*** Provided material ***

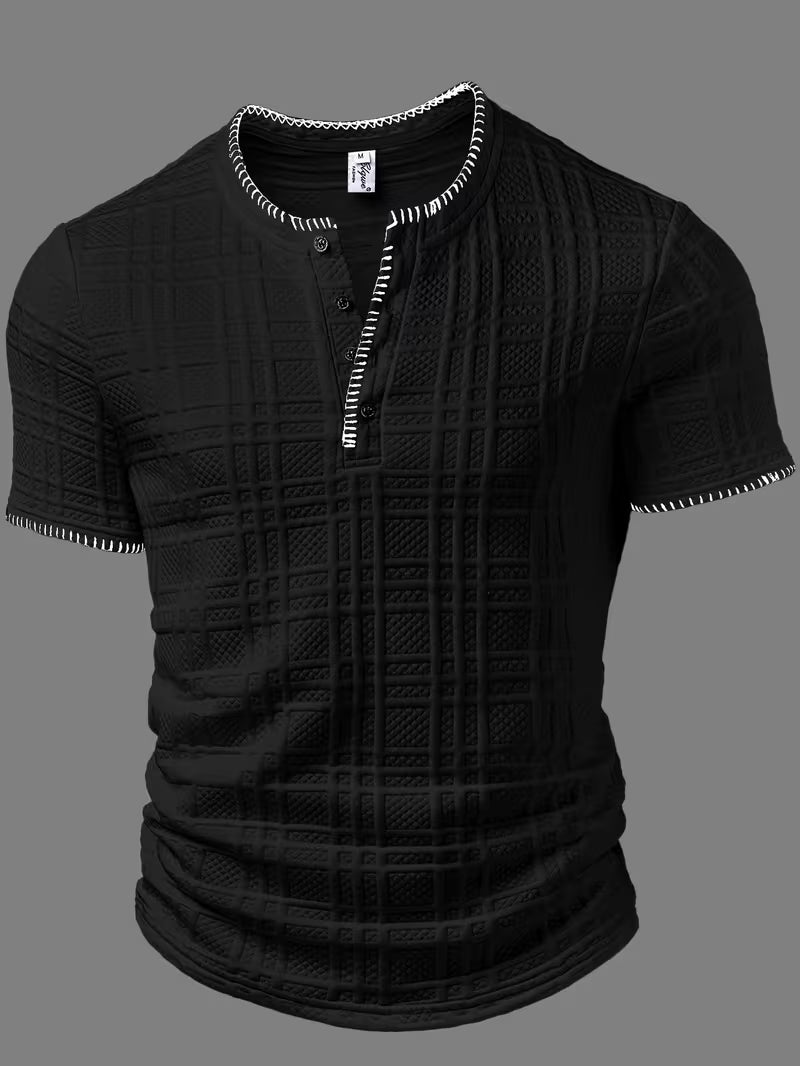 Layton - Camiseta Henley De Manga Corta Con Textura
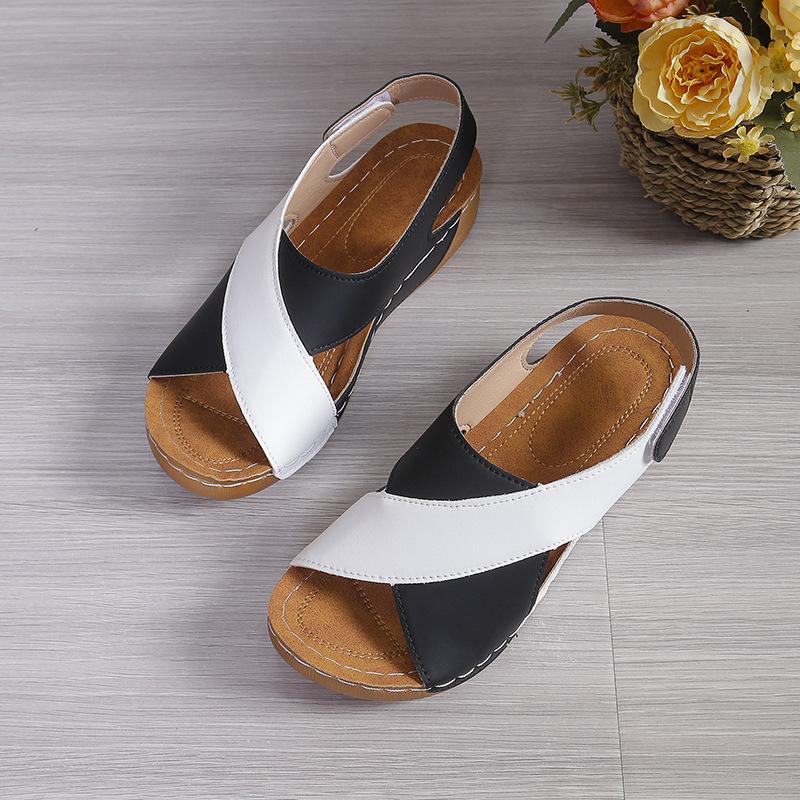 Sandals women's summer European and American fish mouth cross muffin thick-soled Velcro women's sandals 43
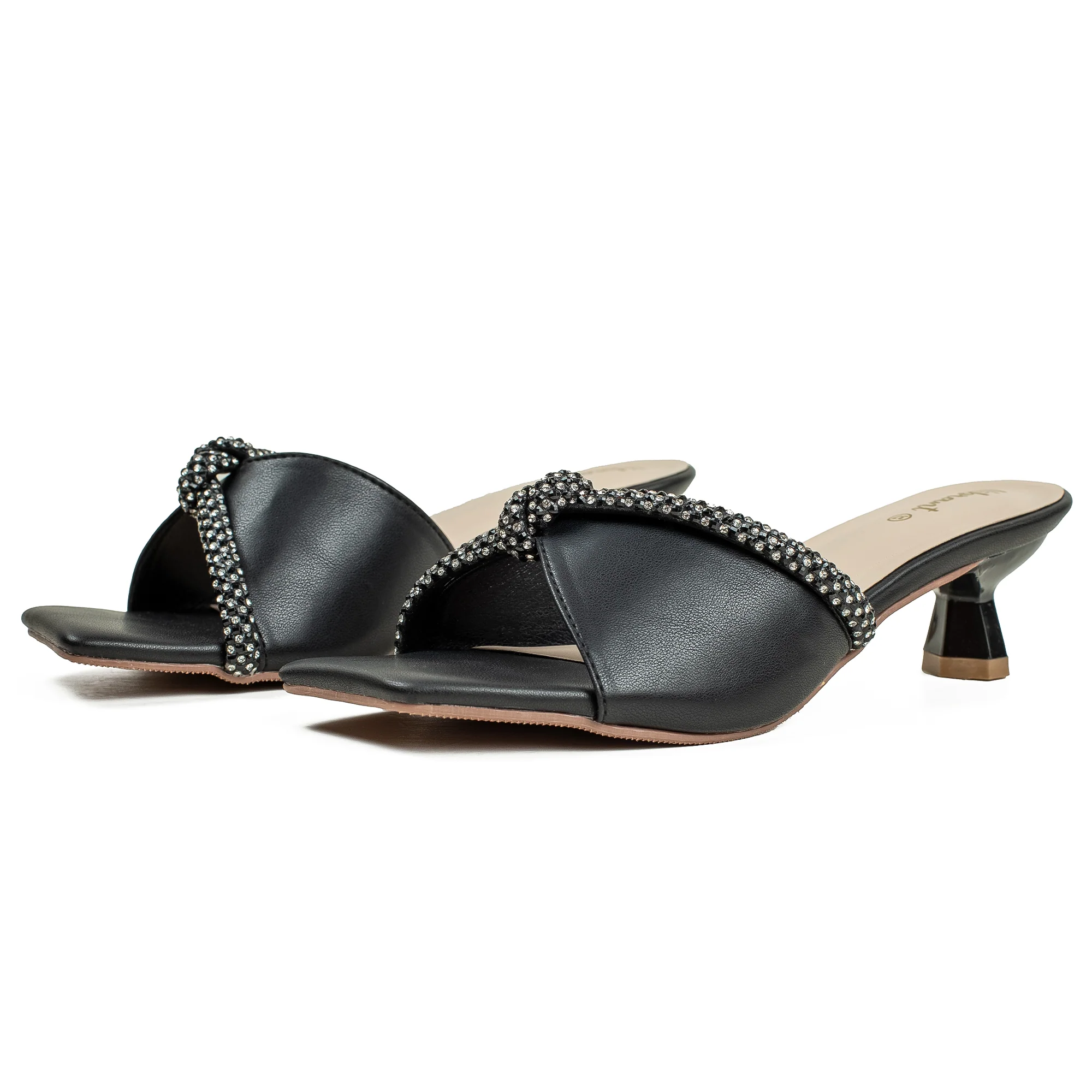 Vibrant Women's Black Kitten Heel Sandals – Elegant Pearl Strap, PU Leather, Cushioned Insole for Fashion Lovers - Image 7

*** End of Provided material ***
*** Provided material ***

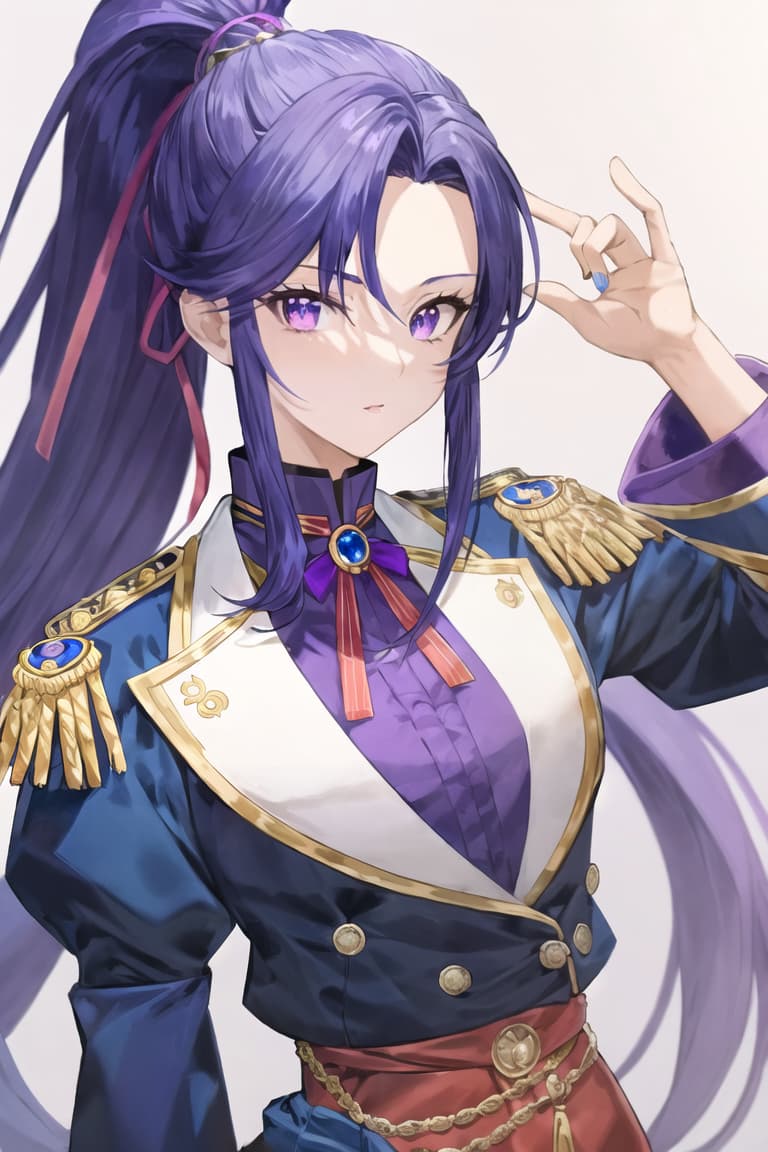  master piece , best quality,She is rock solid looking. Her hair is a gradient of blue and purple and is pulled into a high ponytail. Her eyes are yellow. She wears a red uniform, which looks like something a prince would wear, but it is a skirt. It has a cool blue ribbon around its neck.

*** End of Provided material ***
*** Provided material ***

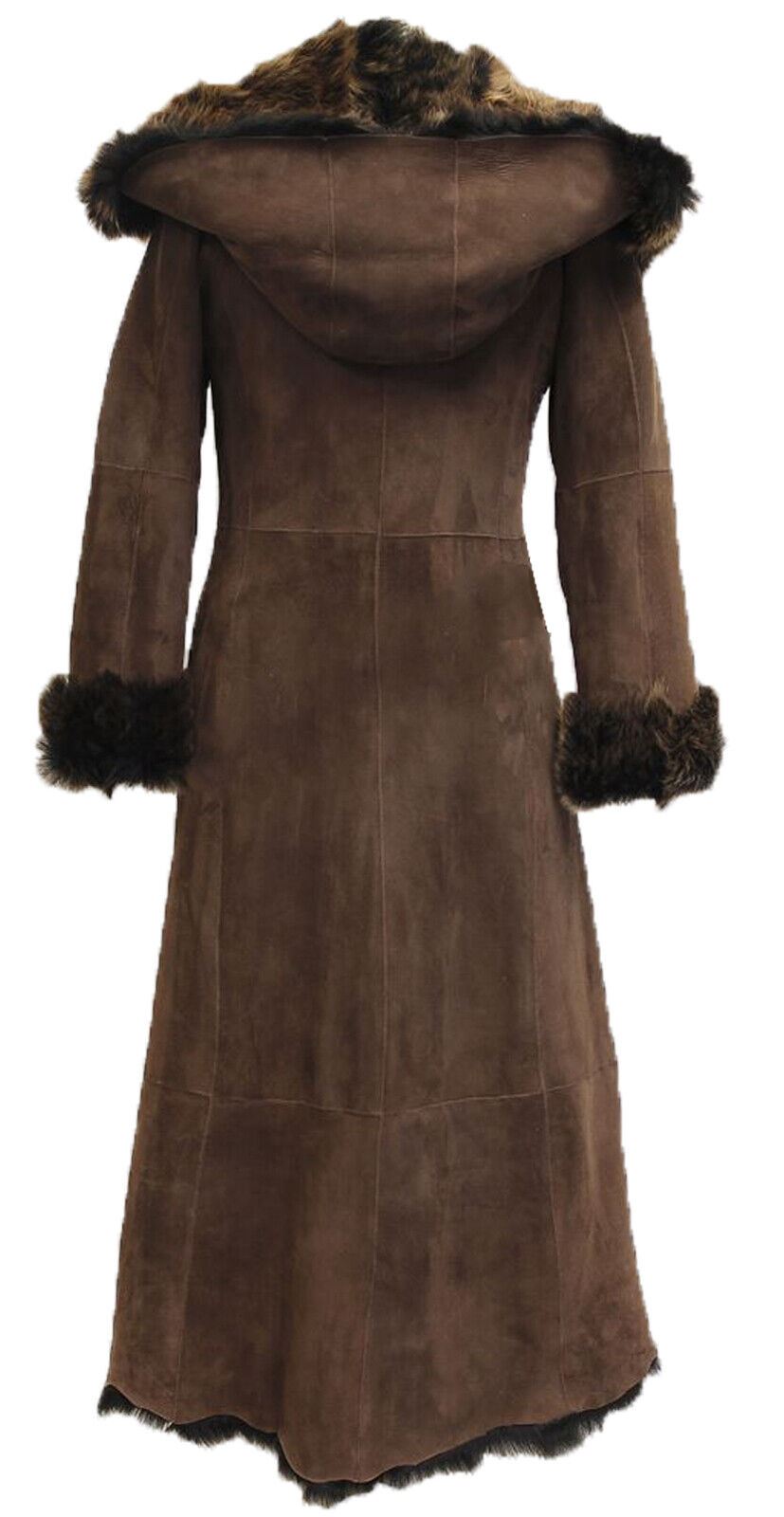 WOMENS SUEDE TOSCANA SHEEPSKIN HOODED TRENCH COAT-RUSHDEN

*** End of Provided material ***

# What to produce:
In the records above, find the line with "Layton - Camiseta" and the line with "Vibrant Women's Black". Write out exactly those lines and every one between, with no pictures and no other lines.

# Response to this task:
 Layton - Camiseta Henley De Manga Corta Con Textura
 Sandals women's summer European and American fish mouth cross muffin thick-soled Velcro women's sandals 43
 Vibrant Women's Black Kitten Heel Sandals – Elegant Pearl Strap, PU Leather, Cushioned Insole for Fashion Lovers - Image 7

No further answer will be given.